[What this task involves]
Locate the word "from" in the entries below, then gather every line that holds it.

[The input]
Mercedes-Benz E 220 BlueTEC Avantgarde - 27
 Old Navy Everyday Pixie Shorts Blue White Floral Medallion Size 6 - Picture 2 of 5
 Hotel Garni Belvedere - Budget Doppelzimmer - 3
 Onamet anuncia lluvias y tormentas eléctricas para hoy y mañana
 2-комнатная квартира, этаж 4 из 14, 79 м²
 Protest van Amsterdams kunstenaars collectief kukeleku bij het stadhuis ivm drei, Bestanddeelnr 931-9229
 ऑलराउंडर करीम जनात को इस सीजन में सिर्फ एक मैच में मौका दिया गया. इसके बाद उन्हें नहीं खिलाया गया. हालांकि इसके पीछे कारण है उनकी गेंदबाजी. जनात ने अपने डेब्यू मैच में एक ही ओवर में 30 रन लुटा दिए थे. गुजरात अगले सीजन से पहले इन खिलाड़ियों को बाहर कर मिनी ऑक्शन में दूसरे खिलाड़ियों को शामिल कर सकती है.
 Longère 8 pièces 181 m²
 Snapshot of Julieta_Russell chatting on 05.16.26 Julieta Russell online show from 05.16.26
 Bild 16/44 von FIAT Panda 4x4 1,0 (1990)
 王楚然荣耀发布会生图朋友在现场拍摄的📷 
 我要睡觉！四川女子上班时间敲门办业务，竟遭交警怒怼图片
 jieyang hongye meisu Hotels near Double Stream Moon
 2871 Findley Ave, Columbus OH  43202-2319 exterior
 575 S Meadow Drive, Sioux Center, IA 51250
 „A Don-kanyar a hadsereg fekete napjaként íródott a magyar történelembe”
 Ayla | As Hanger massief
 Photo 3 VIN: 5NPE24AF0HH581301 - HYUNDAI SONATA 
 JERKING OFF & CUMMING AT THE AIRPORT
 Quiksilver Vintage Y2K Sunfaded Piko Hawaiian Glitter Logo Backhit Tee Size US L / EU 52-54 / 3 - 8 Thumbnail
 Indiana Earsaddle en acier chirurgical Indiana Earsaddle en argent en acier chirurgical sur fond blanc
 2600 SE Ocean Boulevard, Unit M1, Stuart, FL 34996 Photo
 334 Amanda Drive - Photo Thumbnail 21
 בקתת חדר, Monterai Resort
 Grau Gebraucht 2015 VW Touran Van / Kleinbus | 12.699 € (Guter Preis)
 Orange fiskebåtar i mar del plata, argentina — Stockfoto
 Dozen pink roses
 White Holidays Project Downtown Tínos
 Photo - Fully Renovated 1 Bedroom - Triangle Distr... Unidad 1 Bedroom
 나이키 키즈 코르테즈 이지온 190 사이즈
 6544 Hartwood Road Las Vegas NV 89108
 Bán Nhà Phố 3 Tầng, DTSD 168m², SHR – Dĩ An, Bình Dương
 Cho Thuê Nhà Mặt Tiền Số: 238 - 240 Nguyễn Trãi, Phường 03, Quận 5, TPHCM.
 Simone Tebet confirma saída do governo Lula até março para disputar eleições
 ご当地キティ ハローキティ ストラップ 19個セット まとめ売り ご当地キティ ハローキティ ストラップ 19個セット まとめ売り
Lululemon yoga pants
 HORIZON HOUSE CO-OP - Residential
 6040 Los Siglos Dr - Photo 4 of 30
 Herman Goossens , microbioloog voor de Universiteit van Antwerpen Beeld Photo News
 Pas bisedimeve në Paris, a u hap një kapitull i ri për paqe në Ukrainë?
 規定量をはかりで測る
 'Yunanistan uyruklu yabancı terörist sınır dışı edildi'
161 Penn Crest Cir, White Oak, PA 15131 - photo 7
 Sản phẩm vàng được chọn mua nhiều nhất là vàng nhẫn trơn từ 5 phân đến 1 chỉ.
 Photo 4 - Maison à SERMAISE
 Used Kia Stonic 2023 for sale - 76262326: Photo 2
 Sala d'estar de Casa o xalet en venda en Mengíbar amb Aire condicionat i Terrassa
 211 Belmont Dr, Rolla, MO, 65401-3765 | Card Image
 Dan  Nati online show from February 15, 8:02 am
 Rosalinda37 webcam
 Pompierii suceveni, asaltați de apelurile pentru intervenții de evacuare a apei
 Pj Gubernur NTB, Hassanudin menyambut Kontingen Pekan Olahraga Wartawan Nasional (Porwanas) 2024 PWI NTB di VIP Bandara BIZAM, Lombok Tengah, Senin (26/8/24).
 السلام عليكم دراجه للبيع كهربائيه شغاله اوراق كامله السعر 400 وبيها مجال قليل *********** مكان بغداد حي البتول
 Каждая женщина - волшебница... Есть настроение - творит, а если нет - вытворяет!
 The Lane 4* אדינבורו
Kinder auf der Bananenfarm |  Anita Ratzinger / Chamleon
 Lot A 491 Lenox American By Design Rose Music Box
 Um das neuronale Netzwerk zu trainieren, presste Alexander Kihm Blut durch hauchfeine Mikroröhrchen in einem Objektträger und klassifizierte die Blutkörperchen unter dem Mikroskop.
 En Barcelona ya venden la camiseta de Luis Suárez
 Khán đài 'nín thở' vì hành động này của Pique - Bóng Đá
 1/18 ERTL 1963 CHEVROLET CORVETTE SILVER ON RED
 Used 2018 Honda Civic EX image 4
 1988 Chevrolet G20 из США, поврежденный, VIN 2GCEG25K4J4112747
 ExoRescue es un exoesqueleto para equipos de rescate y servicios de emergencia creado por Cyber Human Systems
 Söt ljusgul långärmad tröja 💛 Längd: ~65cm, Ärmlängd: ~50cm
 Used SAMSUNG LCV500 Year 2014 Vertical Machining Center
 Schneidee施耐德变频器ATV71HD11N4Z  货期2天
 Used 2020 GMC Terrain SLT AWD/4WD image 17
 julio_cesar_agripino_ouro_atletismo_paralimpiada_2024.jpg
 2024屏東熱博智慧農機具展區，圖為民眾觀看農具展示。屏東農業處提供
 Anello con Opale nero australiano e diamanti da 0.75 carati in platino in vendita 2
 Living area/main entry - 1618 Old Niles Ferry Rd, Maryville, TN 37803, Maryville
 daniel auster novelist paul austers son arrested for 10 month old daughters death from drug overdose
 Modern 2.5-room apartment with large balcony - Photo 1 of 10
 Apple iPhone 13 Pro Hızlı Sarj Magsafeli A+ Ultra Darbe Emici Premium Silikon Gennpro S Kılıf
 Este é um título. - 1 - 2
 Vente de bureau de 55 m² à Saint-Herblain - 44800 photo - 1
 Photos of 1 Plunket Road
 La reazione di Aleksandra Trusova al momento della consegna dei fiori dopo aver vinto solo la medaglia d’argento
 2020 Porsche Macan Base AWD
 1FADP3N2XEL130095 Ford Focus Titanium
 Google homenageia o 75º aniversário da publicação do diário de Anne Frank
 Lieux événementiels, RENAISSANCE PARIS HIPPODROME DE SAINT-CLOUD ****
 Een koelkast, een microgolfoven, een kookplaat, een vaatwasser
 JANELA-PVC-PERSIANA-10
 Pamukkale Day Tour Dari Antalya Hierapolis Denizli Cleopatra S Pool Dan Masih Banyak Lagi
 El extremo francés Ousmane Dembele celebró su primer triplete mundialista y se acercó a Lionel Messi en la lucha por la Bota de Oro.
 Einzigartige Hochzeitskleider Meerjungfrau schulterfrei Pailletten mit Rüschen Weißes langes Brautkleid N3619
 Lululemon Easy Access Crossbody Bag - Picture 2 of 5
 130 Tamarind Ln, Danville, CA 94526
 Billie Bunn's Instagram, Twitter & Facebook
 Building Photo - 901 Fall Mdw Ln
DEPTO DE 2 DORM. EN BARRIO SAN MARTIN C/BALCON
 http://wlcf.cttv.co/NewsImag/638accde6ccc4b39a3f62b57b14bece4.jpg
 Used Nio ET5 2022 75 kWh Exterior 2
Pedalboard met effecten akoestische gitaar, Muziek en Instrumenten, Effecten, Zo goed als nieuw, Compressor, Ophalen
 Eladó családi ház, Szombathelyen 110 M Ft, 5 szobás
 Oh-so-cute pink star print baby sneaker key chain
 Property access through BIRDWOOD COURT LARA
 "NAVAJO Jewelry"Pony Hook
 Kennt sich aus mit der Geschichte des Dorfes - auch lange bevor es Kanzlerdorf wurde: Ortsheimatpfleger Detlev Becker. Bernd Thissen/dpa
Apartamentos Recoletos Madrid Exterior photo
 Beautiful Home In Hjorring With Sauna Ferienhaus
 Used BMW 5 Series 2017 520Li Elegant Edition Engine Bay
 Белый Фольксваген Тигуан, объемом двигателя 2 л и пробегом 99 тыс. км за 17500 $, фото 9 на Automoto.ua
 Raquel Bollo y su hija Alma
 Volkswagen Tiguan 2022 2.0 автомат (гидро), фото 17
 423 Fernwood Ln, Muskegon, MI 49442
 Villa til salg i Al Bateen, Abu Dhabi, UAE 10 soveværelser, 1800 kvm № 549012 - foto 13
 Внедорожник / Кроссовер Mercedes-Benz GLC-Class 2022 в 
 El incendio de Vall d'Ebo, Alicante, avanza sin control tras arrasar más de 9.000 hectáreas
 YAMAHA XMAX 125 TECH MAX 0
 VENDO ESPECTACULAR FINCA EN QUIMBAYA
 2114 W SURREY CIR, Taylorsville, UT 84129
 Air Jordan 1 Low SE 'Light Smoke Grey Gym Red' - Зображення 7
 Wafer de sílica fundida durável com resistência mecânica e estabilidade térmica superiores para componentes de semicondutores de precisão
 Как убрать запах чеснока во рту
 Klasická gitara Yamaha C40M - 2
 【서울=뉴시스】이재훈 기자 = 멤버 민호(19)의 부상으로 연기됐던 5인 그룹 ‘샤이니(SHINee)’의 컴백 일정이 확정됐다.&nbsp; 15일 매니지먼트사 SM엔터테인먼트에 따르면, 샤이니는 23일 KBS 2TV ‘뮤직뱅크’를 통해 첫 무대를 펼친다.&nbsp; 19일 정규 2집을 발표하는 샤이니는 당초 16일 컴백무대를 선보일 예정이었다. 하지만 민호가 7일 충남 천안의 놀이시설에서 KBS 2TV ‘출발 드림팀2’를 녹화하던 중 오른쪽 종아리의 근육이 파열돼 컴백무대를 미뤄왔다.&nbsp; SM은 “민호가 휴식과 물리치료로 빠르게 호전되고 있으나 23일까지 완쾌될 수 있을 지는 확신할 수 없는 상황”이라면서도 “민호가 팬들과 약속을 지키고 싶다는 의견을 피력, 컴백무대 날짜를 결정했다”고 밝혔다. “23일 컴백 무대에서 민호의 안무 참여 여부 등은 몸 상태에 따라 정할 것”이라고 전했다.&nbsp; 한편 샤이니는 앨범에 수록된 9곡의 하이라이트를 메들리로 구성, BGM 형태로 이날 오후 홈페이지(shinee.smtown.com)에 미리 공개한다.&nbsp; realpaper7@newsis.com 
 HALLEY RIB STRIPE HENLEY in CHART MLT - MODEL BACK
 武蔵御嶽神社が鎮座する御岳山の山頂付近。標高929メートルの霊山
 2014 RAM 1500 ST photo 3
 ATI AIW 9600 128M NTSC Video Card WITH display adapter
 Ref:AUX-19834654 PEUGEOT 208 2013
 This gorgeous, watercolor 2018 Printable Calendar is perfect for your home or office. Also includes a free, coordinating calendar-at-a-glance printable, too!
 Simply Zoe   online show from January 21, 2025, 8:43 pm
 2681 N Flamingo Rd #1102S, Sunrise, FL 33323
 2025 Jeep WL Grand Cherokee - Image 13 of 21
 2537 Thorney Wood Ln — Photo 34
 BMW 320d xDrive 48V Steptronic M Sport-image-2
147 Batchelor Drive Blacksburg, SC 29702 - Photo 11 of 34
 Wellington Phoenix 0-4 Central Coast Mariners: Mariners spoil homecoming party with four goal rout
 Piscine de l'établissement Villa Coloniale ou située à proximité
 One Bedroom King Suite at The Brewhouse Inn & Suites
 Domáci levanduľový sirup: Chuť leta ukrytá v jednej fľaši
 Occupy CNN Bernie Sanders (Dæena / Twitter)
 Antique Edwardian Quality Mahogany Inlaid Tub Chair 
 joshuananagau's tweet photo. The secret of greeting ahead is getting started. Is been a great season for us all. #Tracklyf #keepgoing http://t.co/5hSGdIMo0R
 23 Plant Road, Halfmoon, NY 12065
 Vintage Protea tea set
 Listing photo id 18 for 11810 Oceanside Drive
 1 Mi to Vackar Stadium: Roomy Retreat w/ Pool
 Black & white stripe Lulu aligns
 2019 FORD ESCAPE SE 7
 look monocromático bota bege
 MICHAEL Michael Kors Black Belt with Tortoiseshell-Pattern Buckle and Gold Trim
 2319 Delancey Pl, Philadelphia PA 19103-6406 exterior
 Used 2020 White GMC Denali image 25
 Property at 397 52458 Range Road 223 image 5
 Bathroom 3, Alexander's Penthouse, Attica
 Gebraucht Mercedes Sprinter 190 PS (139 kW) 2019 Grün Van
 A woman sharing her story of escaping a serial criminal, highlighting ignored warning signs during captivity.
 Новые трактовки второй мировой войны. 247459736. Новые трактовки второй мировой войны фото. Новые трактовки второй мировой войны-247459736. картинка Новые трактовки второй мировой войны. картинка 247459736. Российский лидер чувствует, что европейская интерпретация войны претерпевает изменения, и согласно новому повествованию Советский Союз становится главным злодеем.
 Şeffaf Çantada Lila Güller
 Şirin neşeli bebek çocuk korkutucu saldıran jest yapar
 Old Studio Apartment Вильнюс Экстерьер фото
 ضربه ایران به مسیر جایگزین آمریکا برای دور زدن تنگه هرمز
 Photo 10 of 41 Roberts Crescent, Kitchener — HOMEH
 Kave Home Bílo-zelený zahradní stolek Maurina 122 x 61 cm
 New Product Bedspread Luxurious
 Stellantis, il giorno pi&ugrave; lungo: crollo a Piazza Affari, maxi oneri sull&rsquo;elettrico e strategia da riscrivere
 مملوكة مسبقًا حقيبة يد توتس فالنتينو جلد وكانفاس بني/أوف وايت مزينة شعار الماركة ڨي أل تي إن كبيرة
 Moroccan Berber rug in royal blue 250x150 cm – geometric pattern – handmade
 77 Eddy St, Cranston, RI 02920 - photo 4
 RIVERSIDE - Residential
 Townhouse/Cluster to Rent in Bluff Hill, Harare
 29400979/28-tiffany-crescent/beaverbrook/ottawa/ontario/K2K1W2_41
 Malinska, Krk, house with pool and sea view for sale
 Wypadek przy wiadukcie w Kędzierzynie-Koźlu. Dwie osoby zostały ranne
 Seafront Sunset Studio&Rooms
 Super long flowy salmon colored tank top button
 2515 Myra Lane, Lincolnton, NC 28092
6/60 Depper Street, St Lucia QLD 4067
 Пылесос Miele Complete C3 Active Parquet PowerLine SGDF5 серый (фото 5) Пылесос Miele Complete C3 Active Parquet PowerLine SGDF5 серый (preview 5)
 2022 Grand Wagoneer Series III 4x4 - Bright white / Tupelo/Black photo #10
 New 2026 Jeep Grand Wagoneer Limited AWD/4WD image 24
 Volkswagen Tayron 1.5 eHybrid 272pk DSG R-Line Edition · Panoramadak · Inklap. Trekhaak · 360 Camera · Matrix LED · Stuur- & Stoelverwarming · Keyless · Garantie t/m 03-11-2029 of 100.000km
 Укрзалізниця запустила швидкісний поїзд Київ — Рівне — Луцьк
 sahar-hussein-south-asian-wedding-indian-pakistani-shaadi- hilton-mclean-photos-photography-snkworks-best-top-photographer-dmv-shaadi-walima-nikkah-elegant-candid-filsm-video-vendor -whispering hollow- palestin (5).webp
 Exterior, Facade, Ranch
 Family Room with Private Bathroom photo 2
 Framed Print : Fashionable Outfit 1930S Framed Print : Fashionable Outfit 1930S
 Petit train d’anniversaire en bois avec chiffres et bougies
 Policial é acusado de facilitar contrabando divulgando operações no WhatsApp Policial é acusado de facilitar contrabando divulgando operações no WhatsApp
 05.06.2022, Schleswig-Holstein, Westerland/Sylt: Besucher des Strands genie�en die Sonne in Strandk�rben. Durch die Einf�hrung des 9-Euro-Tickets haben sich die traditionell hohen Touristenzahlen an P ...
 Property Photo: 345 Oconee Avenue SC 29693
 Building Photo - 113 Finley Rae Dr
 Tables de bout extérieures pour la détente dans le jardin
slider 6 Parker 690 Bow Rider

[Result of the exercise]
 Snapshot of Julieta_Russell chatting on 05.16.26 Julieta Russell online show from 05.16.26
 Dan  Nati online show from February 15, 8:02 am
 daniel auster novelist paul austers son arrested for 10 month old daughters death from drug overdose
 Simply Zoe   online show from January 21, 2025, 8:43 pm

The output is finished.